= Anti-suit injunction =

Order to restrain parallel action

An anti-suit injunction is an order issued by a court or arbitral tribunal that prevents an opposing party from commencing or continuing a legal proceeding in another jurisdiction or forum. It is among the means available to address the problem of parallel proceedings or forum shopping, whether they are current or anticipated.

==Case law==
In The Angelic Grace (1995) the English High Court granted an anti-suit injunction preventing a claimant pursuing litigation in Italy when arbitration proceedings had been agreed and already commenced within England and Wales.

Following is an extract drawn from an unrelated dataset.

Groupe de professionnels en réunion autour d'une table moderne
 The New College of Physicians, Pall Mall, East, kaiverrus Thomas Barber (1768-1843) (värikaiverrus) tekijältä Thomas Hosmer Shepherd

In recent years many jurisdictions have placed a high standard to obtain when seeking an anti-suit injunction, such as where the proceedings are "oppressive or vexatious". Furthermore, in proceedings prior to the 2015 milestone decision in the case of "Gazprom" OAO v Lietuvos Respublika, often called the Gazprom case, anti-suit injunctions were considered inapplicable in litigation or arbitration among EU member states. The issue being addressed concerned was whether it applied to arbitration, being excluded from the Brussels Convention. This was resolved in the Gazprom case and the specifics of the exclusion were covered in recital 12 of Brussels recast, therefore the current position is that anti-suit injunctions can be issued by EU arbitration tribunals and upheld by Courts of Justice of EU member states.